Before quantifying IFN-inducing activity, THP1-Dual and THP1-Dual-KO-STING cells were differentiated into macrophages by culturing in RPMI-1640 medium supplemented with 10% foetal calf serum (FCS) and 10 ng/mL phorbol 12-myristate 13-acetate (PMA) daily, and then rested in RPMI-1640 with 10% FCS. To quantify the IFN-inducing activity, the cells were incubated with 5% plasma for 18 h. Lucia luciferase in the supernatant was quantified using a QUANTI-Luc 4 Lucia/Gaussia (InvivoGen) by measuring the relative light units of chemiluminescence. To inhibit IFN-I, an IFN-I blocking cocktail was used in combination with 1 μg/mL anti-human IFN-α2 (InvivoGen), 1 μg/mL anti-human IFN-β (InvivoGen), and 1 μg/mL anti-IFN-α/β receptor chain 2 antibodies (Merck, Germany).
2.4. Measurement of deoxyribonucleic acid
Plasma dsDNA concentration was measured using the Quant-iT PicoGreen dsDNA assay kit (Invitrogen, Thermo Fisher Scientific, USA). Plasma single-stranded DNA (ssDNA) concentration was measured using the Quant-iT OliGreen ssDNA Assay Kit (Invitrogen, Thermo Fisher Scientific, USA), following the manufacturer’s instructions.
2.5. Western blotting analysis
Macrophages were lysed in a radioimmunoprecipitation assay buffer (Nacalai Tesque, Kyoto, Japan). The protein concentration was quantified using a bicinchoninic acid protein assay kit (Nacalai Tesque), following the manufacturer’s instructions. Subsequently, 10 µg of total protein per sample was loaded on 4–20% Mini-PROTEAN TGX precast gels from Bio-Rad (Hercules, CA, USA).
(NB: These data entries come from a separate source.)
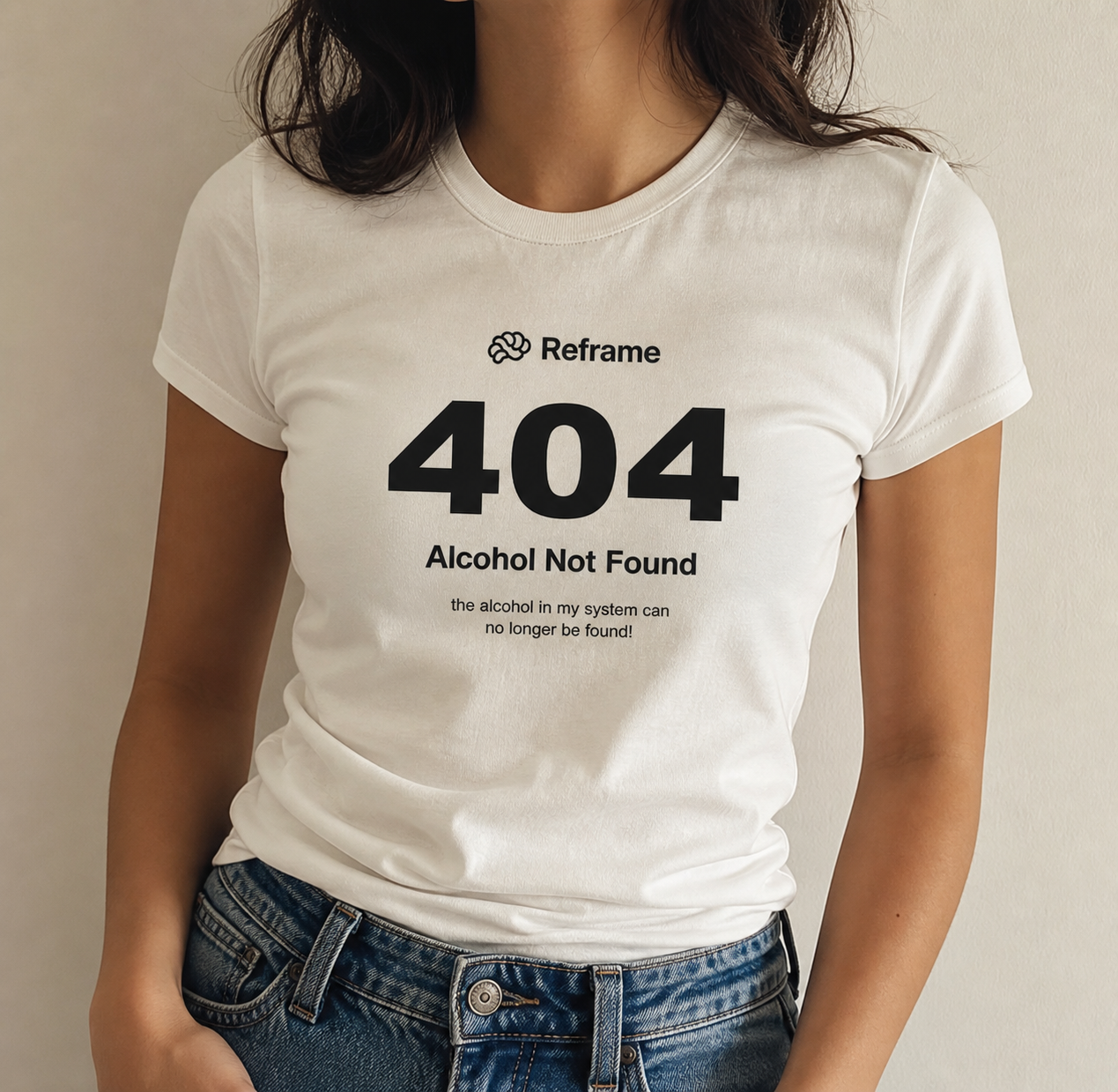 404 Women's T-Shirt, Ivory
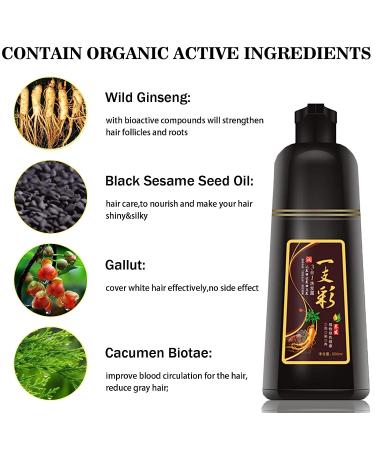 Natural Chestnut Brown Hair Color Shampoo for Gray Hair 500ML - Instant Hair Dye for Men & Women - Long Lasting & Easy to Use - Buy Online on GoSupps.com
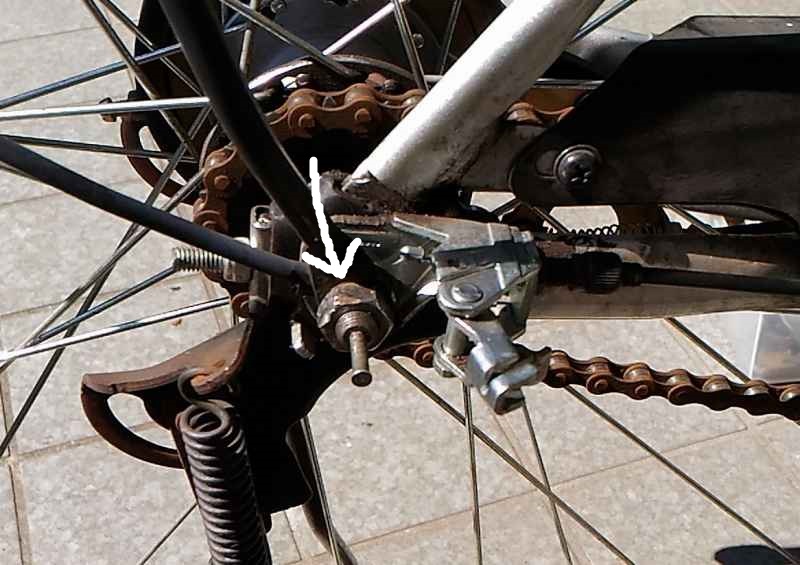自転車チェーン はめかた ママチャリ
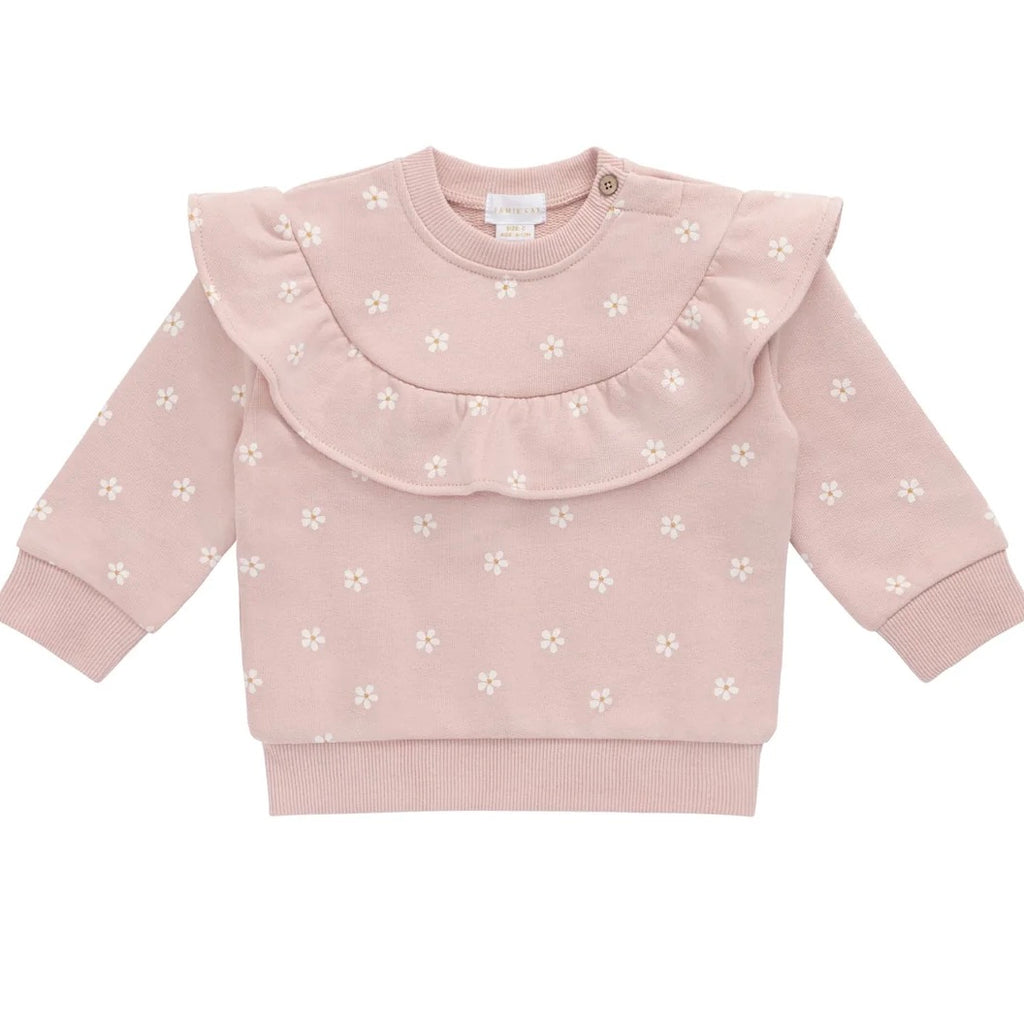 Organic Cotton McKinley Sweatshirt || Josie Floral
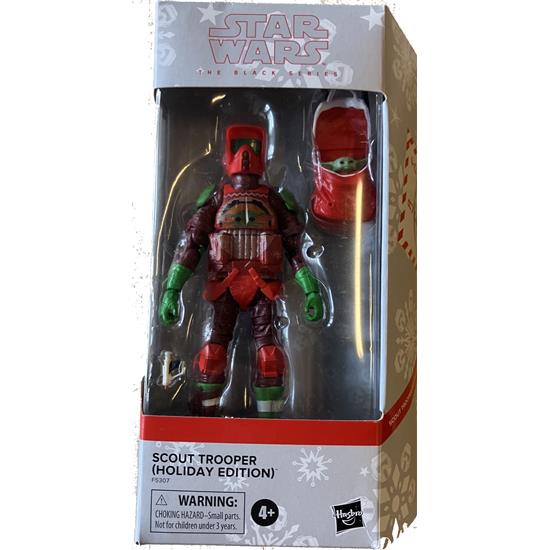 Diverse: SKADET: Scout Trooper (Holiday Edition) Black Series Action Figure 15 cm
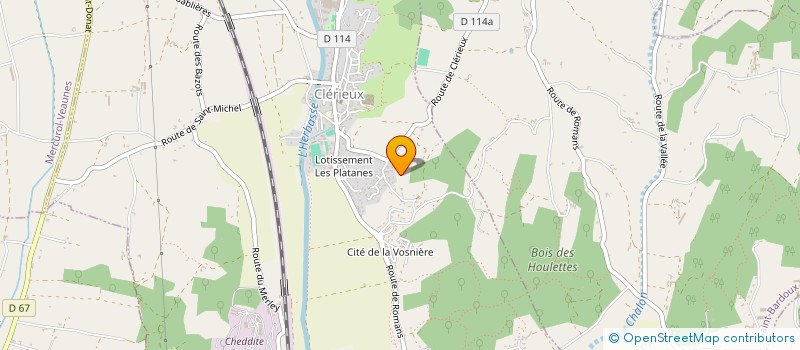 localisation de l'entreprise LES Z'AMIS  CLERIEUX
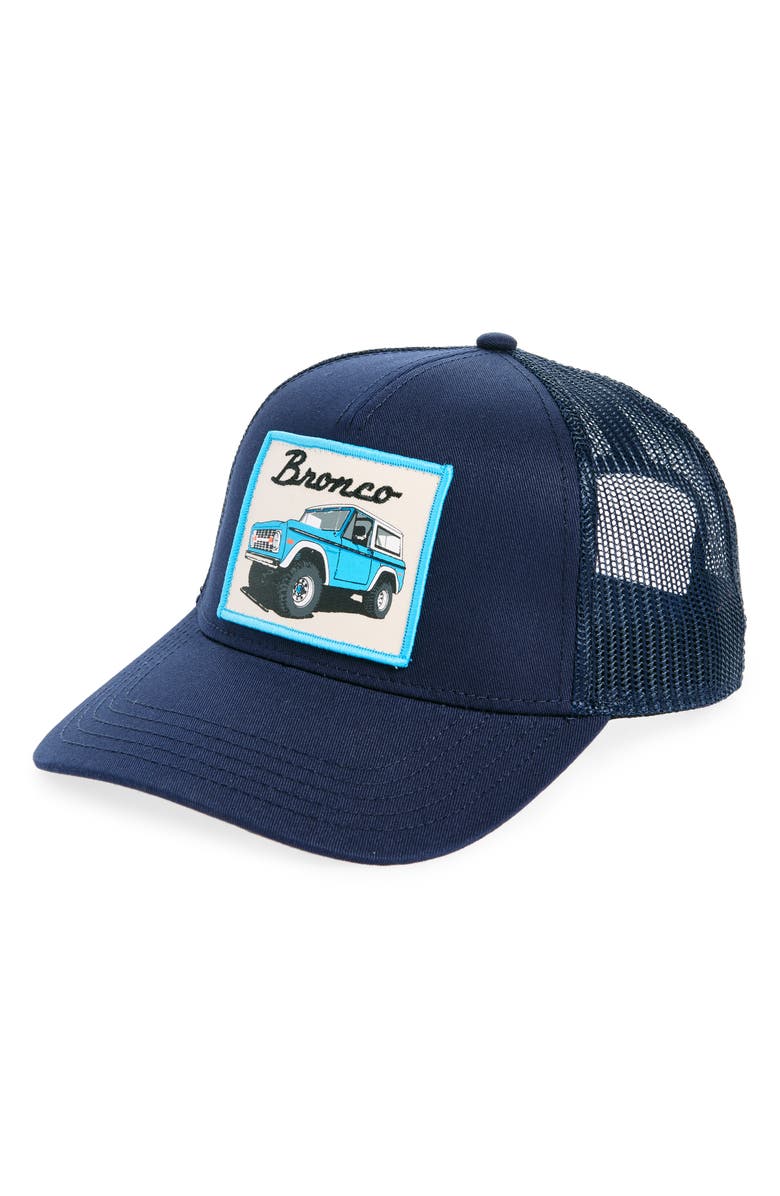 American Needle Bronco Valin Trucker Hat, Main, color,
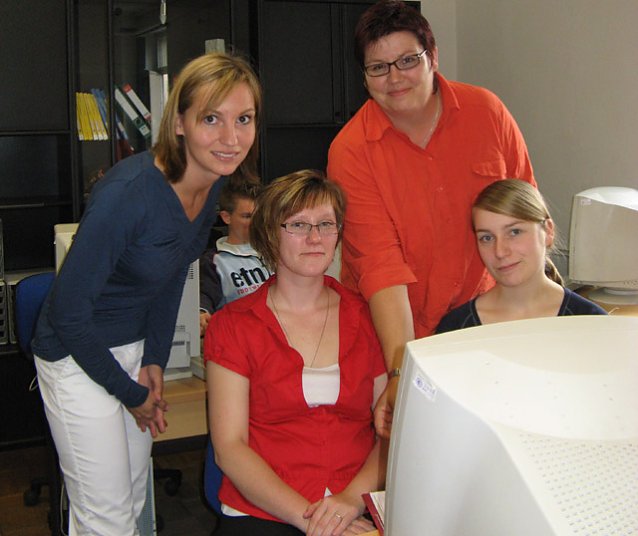 Bild: Wiebke Dessel, Nicole Zamzow, Frau Krone, Dana Krumm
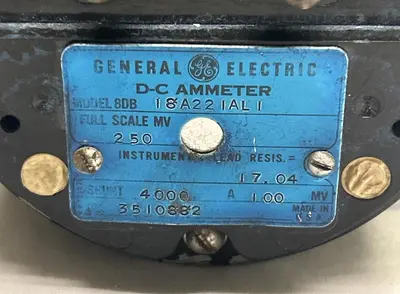 Used GENERAL ELECTRIC 8DBI8A22IALI Meters - Misc Ohio US | Surplus Asset Holdings #1246746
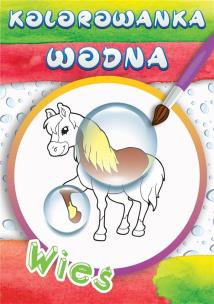 Okładka książki Wodne kolorowanki Wieś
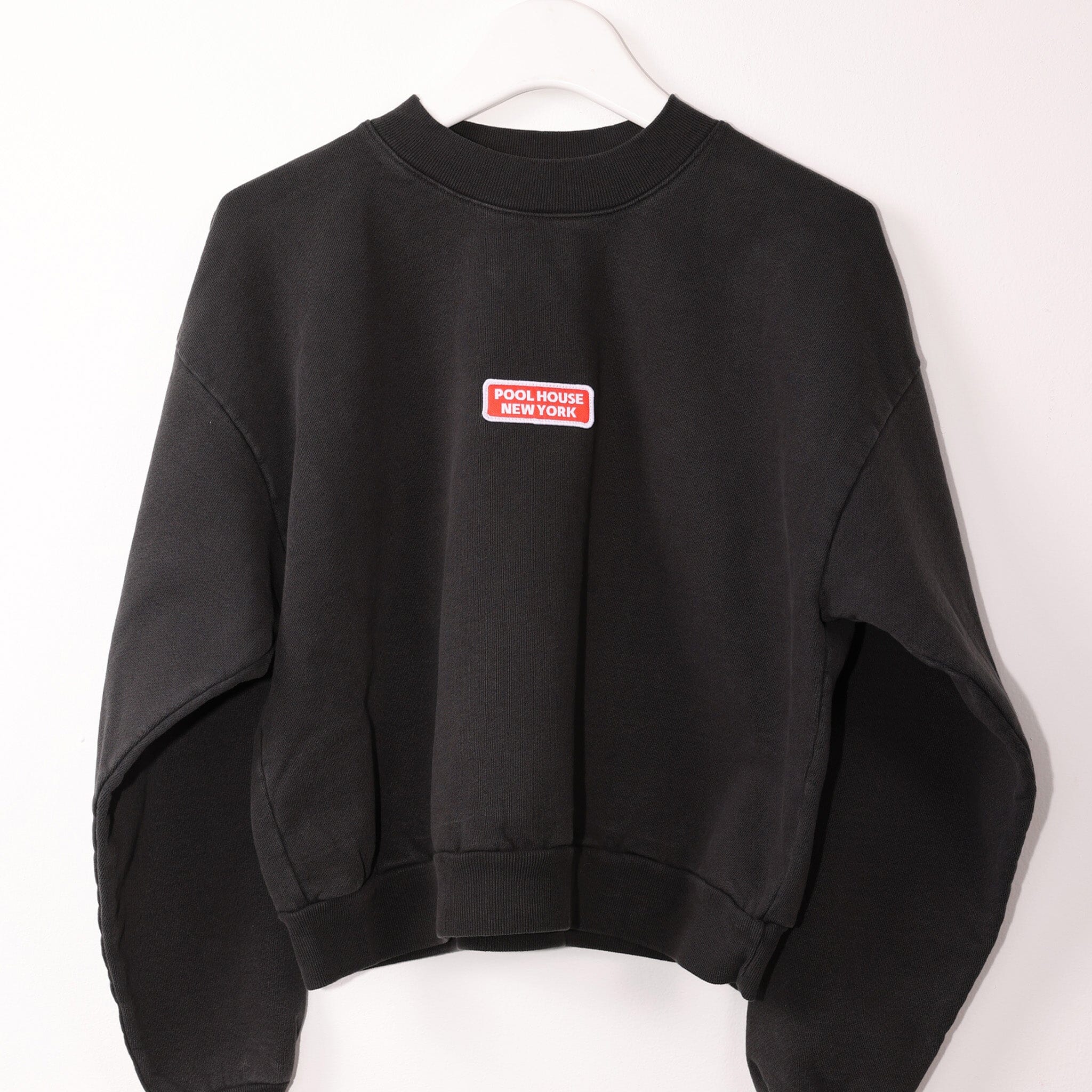 The Nolita Crop Crewneck Sweater Vintage Black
The lysates were subjected to SDS-PAGE, and western blotting was conducted using anti-STING mouse mAb (Proteintech, IL, USA), anti-IRF3 mouse mAb (Proteintech), anti-phospho-STING rabbit mAb (Cell Signalling Technology, Danvers, MA, USA), anti-Phospho-IRF3 mouse mAb (Cell Signalling Technology), and anti-GAPDH mouse mAb (Proteintech). Blots were visualised using an enhanced chemiluminescence assay with Super Signal West Dura Extended Duration Substrate (Thermo Fisher Scientific), following the manufacturer’s instructions. Signals were detected using a LAS 4000 biomolecular imager (GE Healthcare, IL, USA) and quantified using ImageQuant TL.
2.6. Statistical analysis
Data were analysed using Prism 10 (GraphPad, Boston, MA, USA), and differences between groups were evaluated using the Wilcoxon signed rank test as well as the paired t-test. For comparisons between two independent groups, the Mann–Whitney U test was used. Associations between two variables, including clinical data, were assessed using Spearman’s correlation. Associations between two variables obtained from the light intensity measurements were assessed using Pearson’s correlation after confirming that the distribution was parametric via the Kolmogorov–Smirnov test. The significance level was set at p < .05. In cases where a significant difference was not expected due to the limited number of samples, the condition ‘tendency observed’ was defined for p-values <.1.
3. Results
3.1. Plasma from patients with SLE had high IFN-I bioavailability and IFN-I-inducing activity, which decreased after DFPP treatment
Initially, we assessed IFN-I bioavailability in the plasma of patients with SLE. To achieve this, IFN-α/β reporter HEK293 cells, a human foetal kidney cell carrying a reporter gene that releases SEAP in response to the transcription of an IFN-stimulated gene. The results indicated that IFN-I bioavailability in the plasma of patients with SLE was significantly higher than that in the plasma of HCs (). Moreover, DFPP reduced IFN-I bioavailability in the plasma.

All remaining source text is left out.